═════ Data section
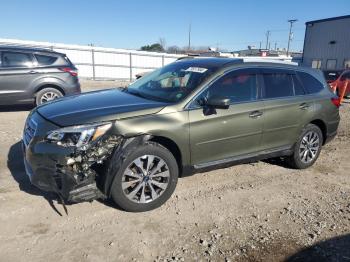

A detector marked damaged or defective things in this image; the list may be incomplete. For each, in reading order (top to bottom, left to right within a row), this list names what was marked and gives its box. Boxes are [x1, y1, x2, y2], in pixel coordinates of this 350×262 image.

crushed hood [37, 88, 169, 126]
broken headlight [46, 123, 112, 149]
damaged green suv [21, 58, 340, 212]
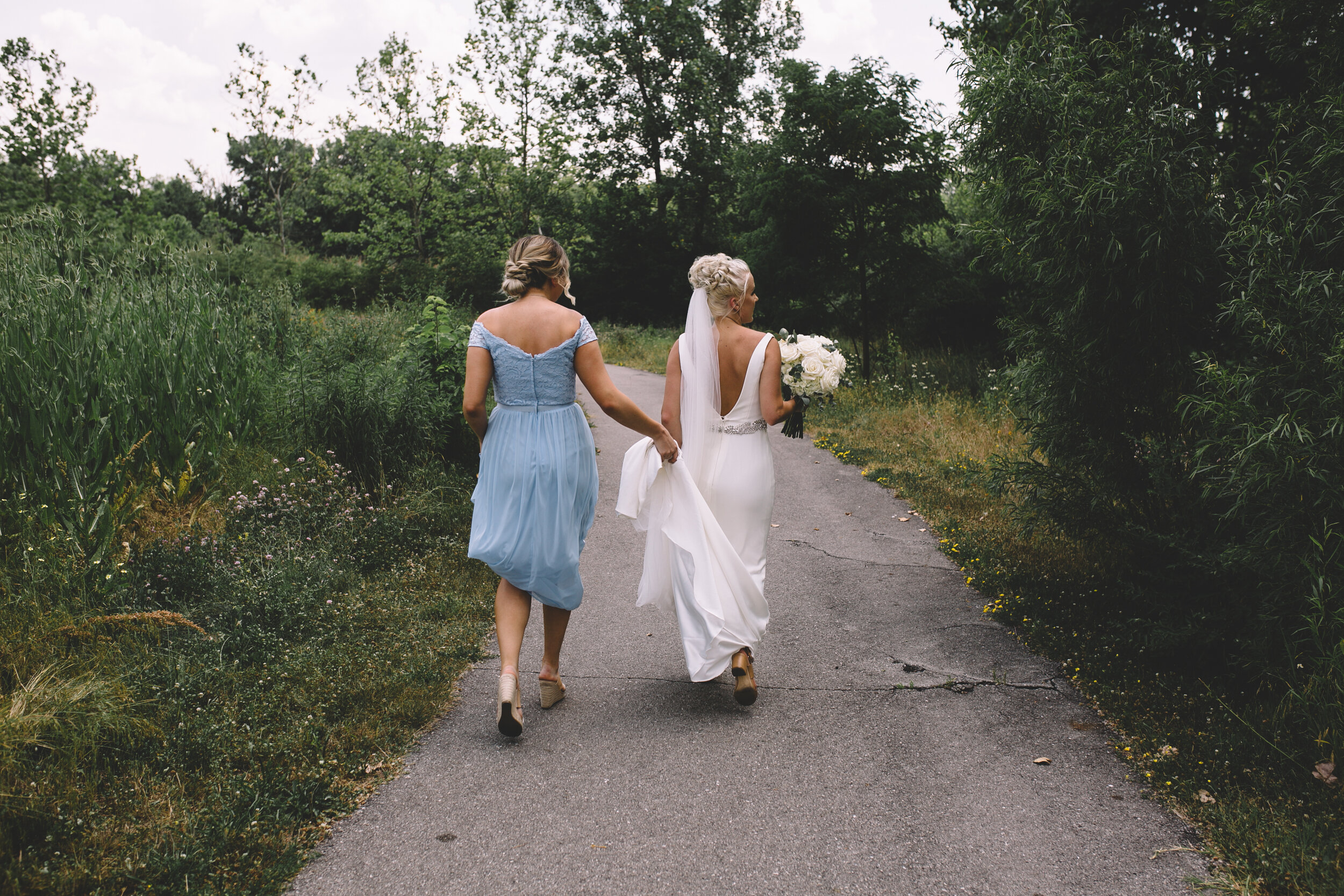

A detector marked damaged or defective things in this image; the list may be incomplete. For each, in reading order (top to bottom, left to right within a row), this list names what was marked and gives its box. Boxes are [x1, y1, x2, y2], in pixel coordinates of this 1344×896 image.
══════════
Aim of the task:
Copy every record exactly, dropping the images.

Completed task:
A detector marked damaged or defective things in this image; the list may be incomplete. For each, in reading order (top to bottom, left to right within a row), this list names what was marked and gives its box. Boxes are [x1, y1, x2, y2], in pixel coordinates of this 350×262 image.

crushed hood [37, 88, 169, 126]
broken headlight [46, 123, 112, 149]
damaged green suv [21, 58, 340, 212]

A detector marked damaged or defective things in this image; the list may be incomplete. For each, in reading order (top to bottom, left to right within a row), this list names what was marked and gives its box. Boxes are [x1, y1, x2, y2], in pixel coordinates of this 1344×896 image.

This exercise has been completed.